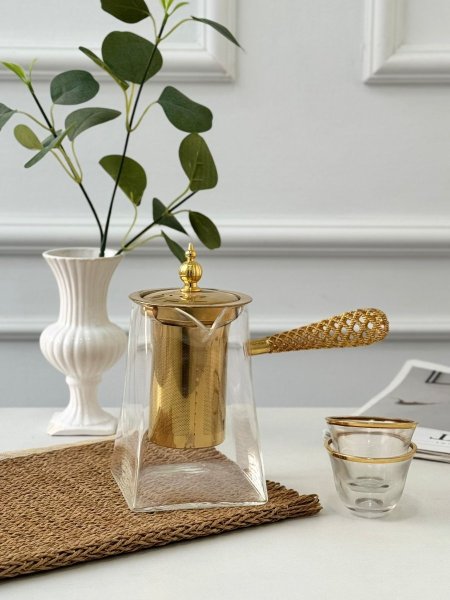 غلايه بايركس يد معدن750مل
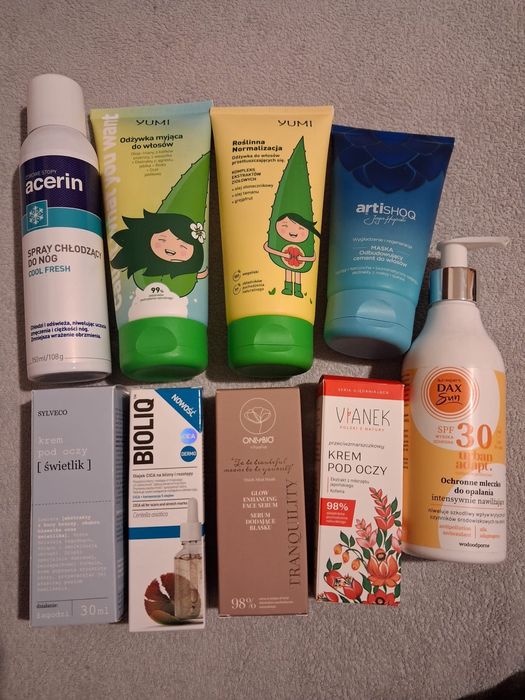 Zestaw kosmetyków do pielęgnacji twarzy ciała włosów stóp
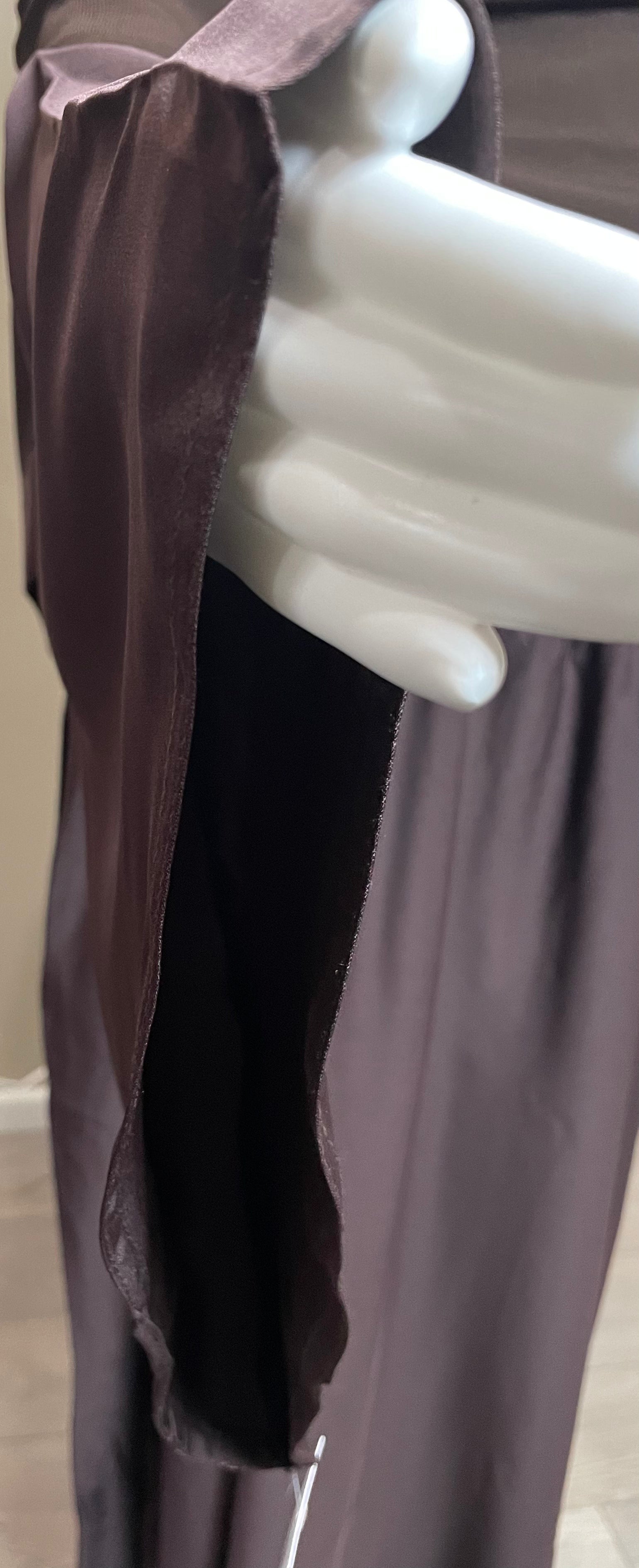 Reeyah Abaya
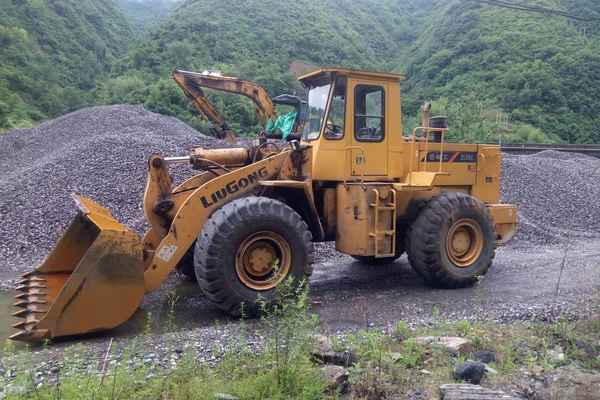 陕西出售转让二手5600小时2011年柳工ZL50C装载机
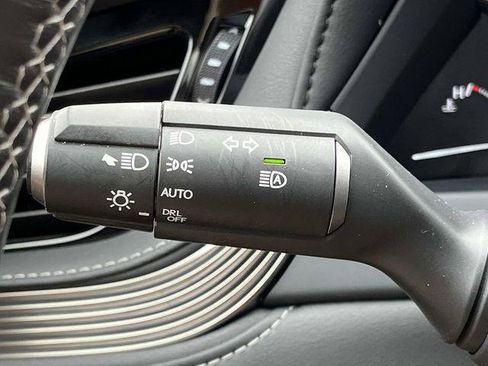 Certified 2023 Lexus LS 500 w/ Accessory Package (Z2) RWD image 41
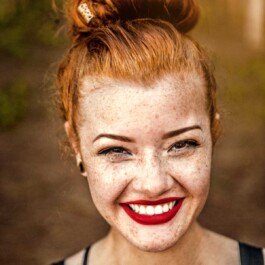 Visage souriant d'une femme rousse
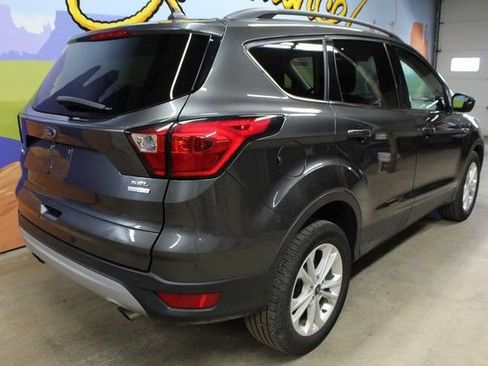 Used 2019 Ford Escape SEL FWD image 4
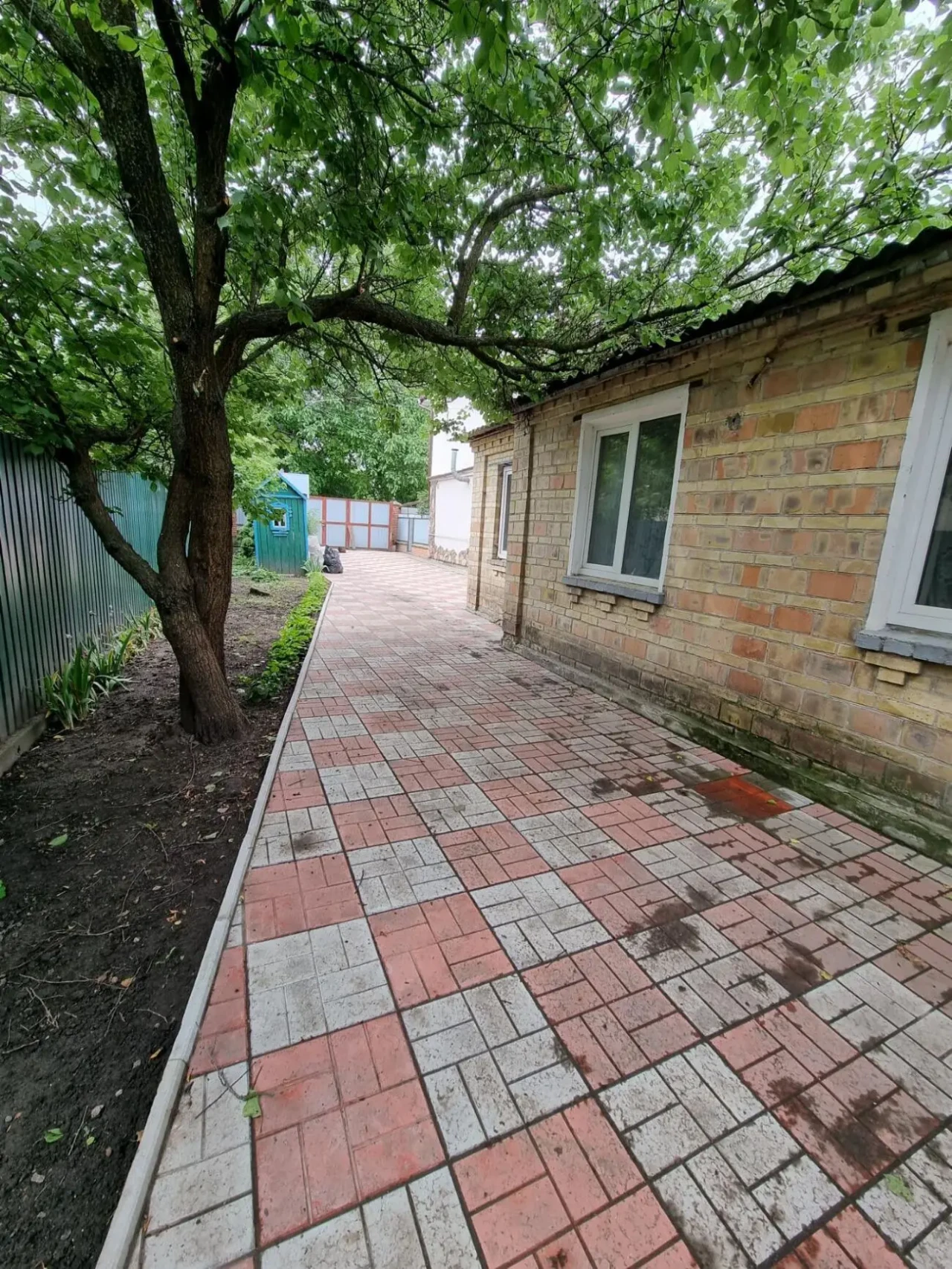 Продаю дом с хоз. пристройками и землю в с. Гатное, недалеко метро. 3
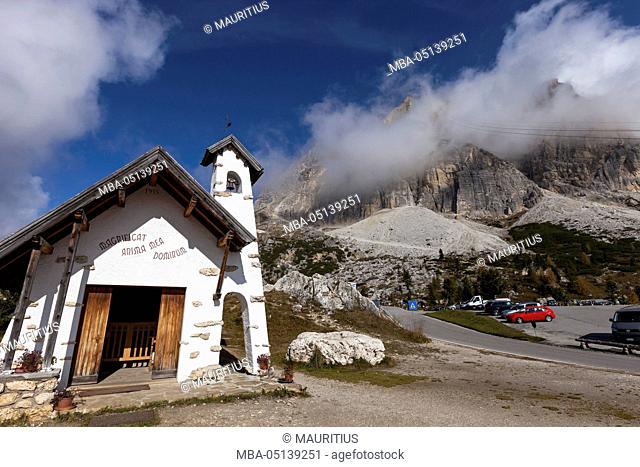 Europe, Italy, the Dolomites, South Tyrol, Passo di Falzarego, cable car to the Lagazuoi, chapel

+ + + + +

Your answer should consist solely of the lines from the one holding "Продаю дом с" through the end of the listing, reproduced exactly and without pictures.

 Продаю дом с хоз. пристройками и землю в с. Гатное, недалеко метро. 3
 Europe, Italy, the Dolomites, South Tyrol, Passo di Falzarego, cable car to the Lagazuoi, chapel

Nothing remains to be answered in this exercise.